Here is the task for the listing below: output exactly the lines from the one containing "11 морских контейнеров получили бойцы СВО" through the one containing "Dinky(ディンキー) くすみピンク", and leave out the pictures.

(DATA TO PROCESS Opens)

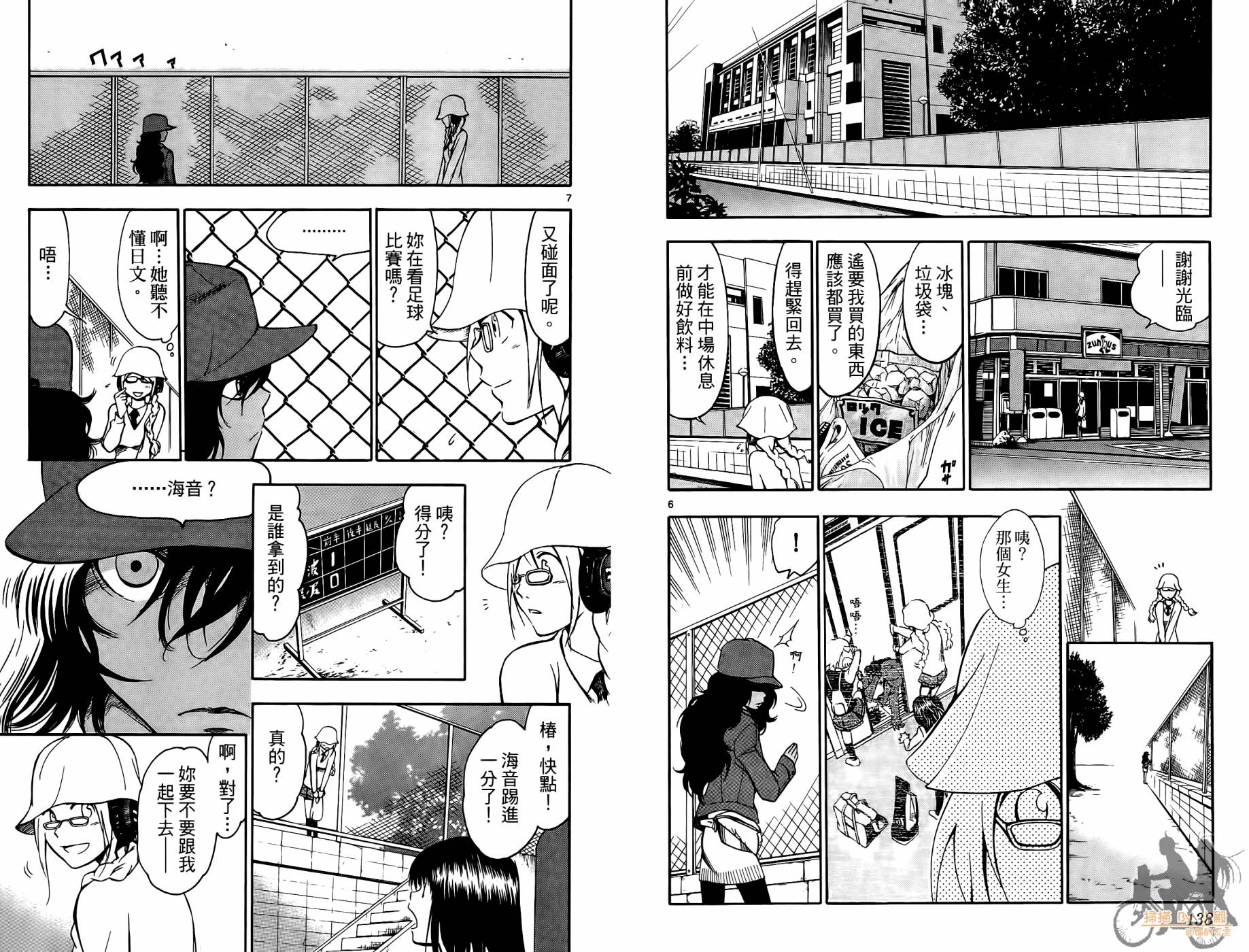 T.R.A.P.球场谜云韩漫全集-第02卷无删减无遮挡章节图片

(DATA TO PROCESS Closes)
(DATA TO PROCESS Opens)

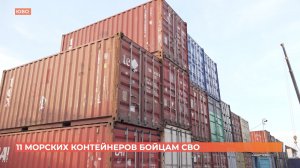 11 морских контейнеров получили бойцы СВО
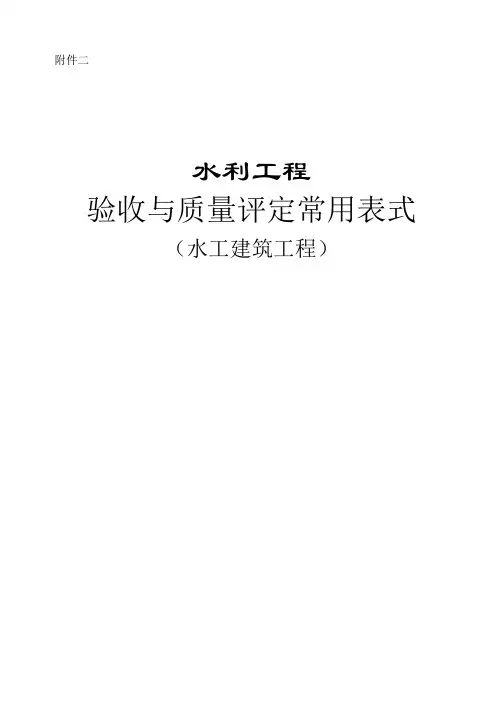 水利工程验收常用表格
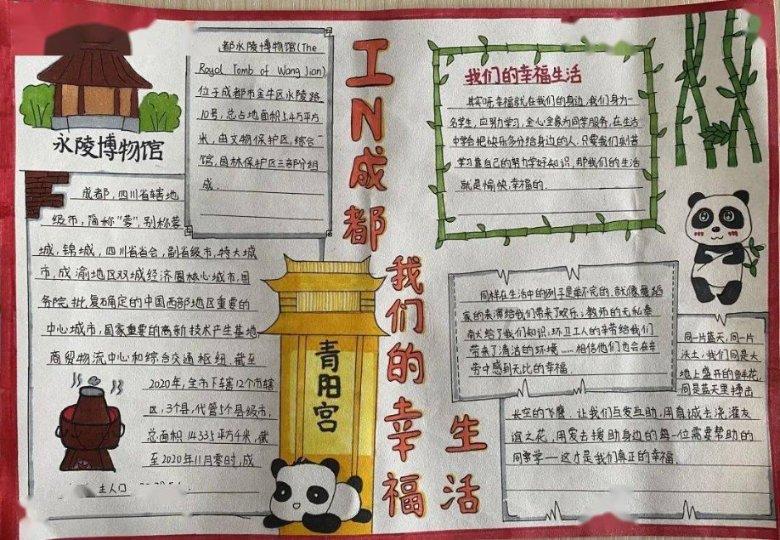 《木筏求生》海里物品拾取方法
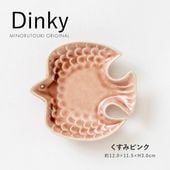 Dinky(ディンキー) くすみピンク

(DATA TO PROCESS Closes)
(DATA TO PROCESS Opens)

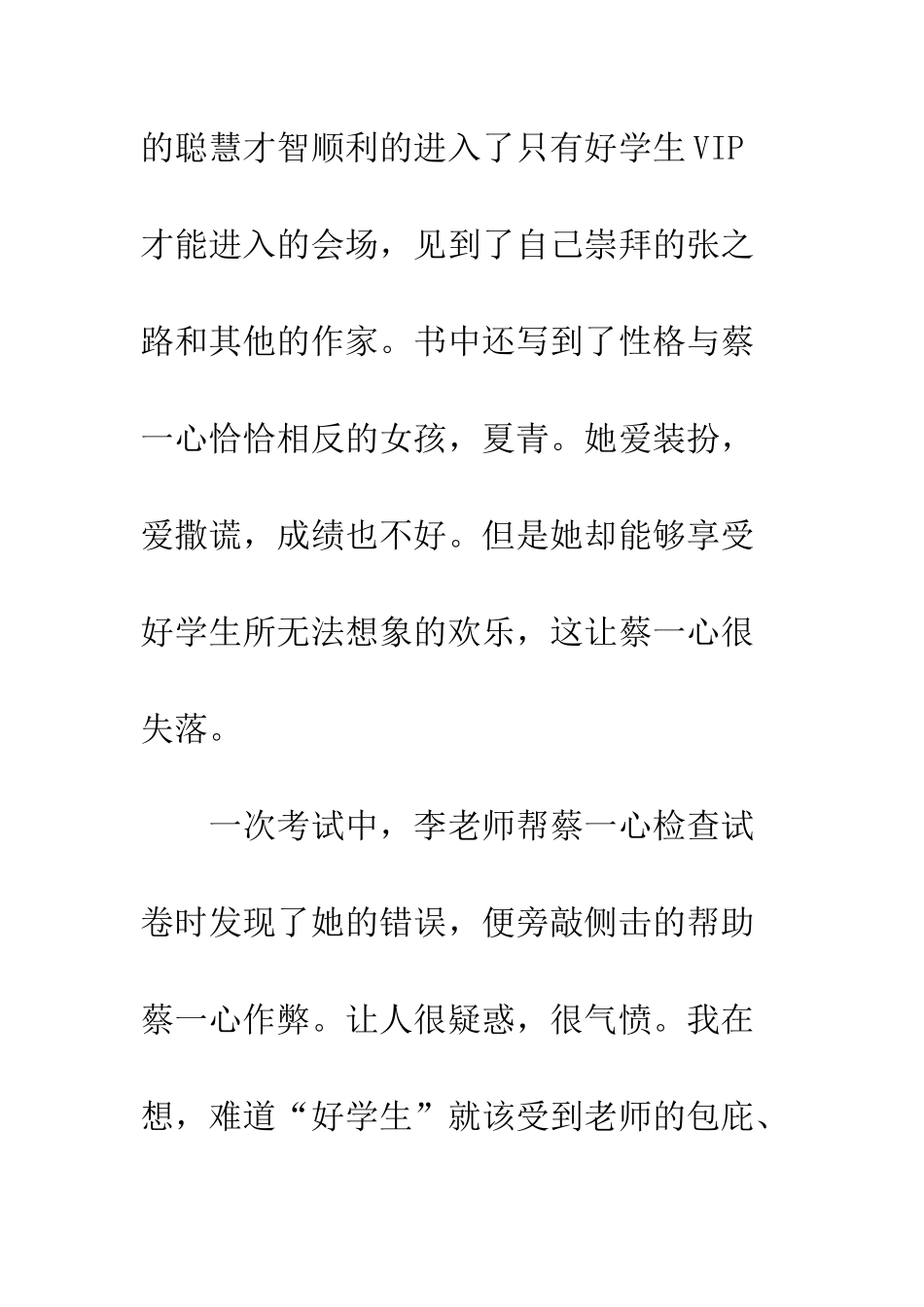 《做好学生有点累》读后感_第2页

(DATA TO PROCESS Closes)

* [RESULT OF THE EXERCISE]:
 11 морских контейнеров получили бойцы СВО
 水利工程验收常用表格
 《木筏求生》海里物品拾取方法
 Dinky(ディンキー) くすみピンク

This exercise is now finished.